**EXERCISE DESCRIPTION**
Every line below needs to be transcribed without alteration, and no image may be carried over.

**DATA**
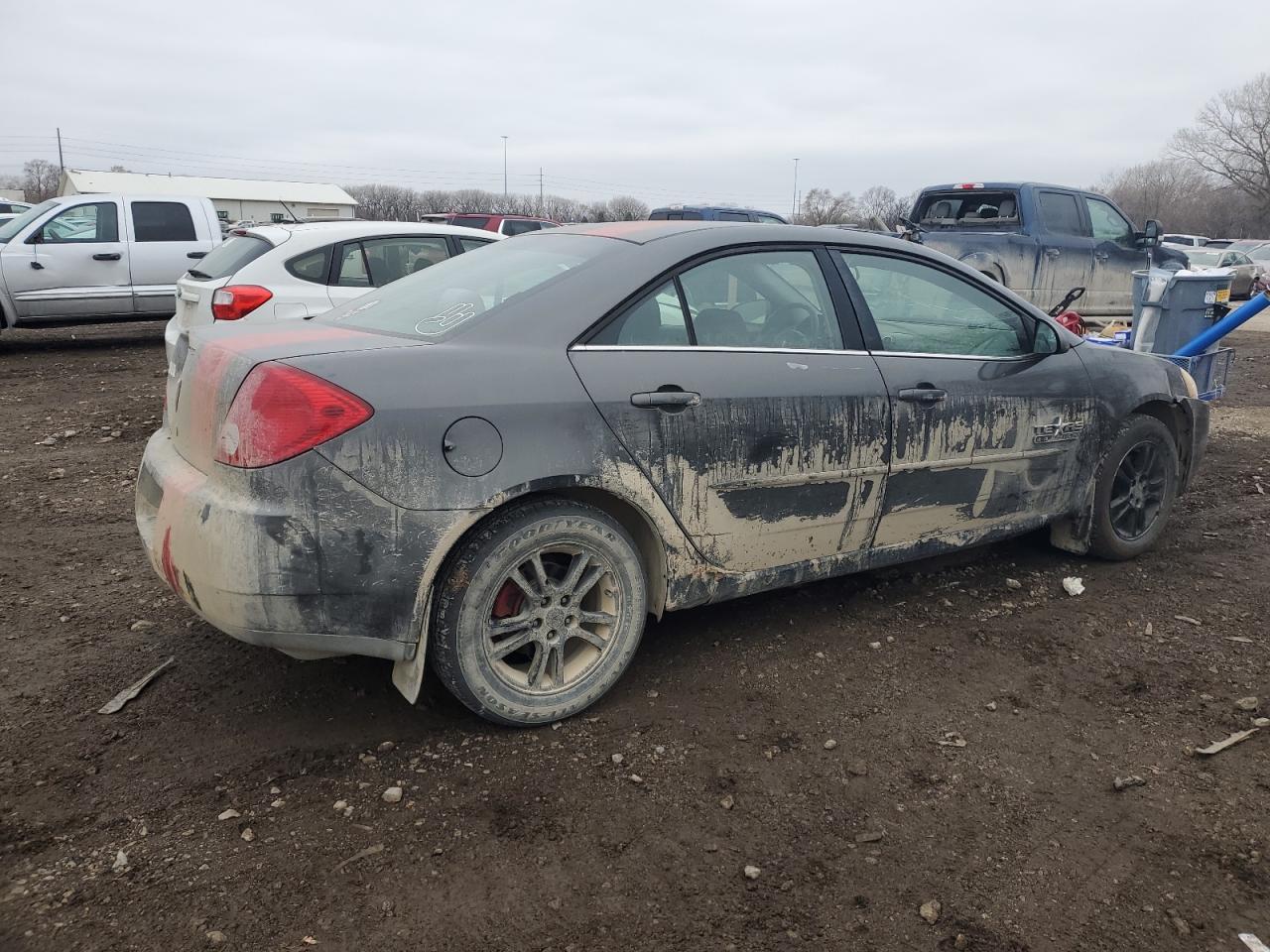 Image 3 of 2005 PONTIAC G6  2005 with VIN 1G2ZG528354132080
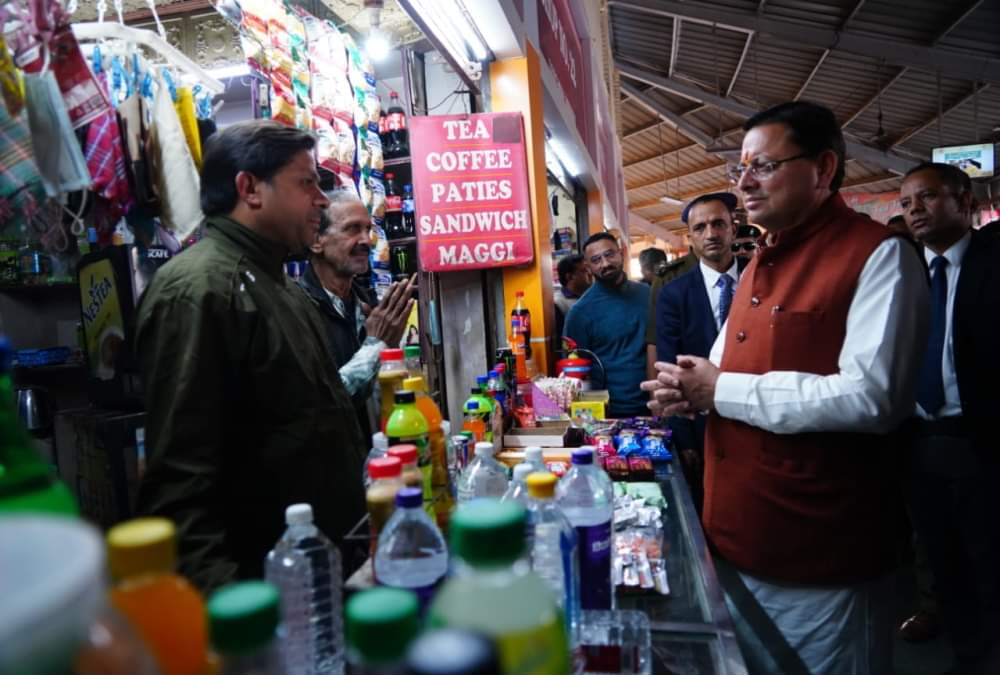 CM Dhami Surprise inspection at ISBT Dehradun angry to see garbage cleaned it himself with a broom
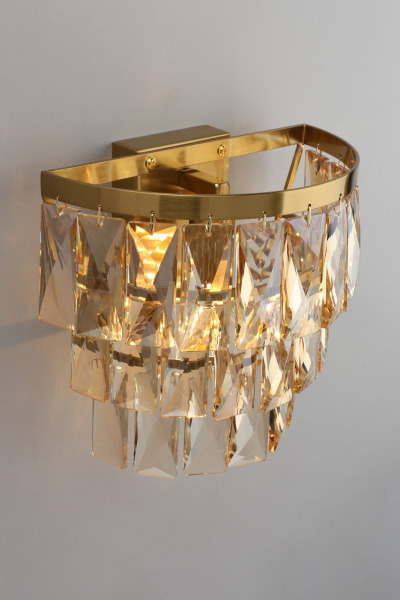 картинка Настенный светильник Francheska APL.837.01.01 от магазина BTSvet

**SOLUTION TO THE EXERCISE**
 Image 3 of 2005 PONTIAC G6  2005 with VIN 1G2ZG528354132080
 CM Dhami Surprise inspection at ISBT Dehradun angry to see garbage cleaned it himself with a broom
 картинка Настенный светильник Francheska APL.837.01.01 от магазина BTSvet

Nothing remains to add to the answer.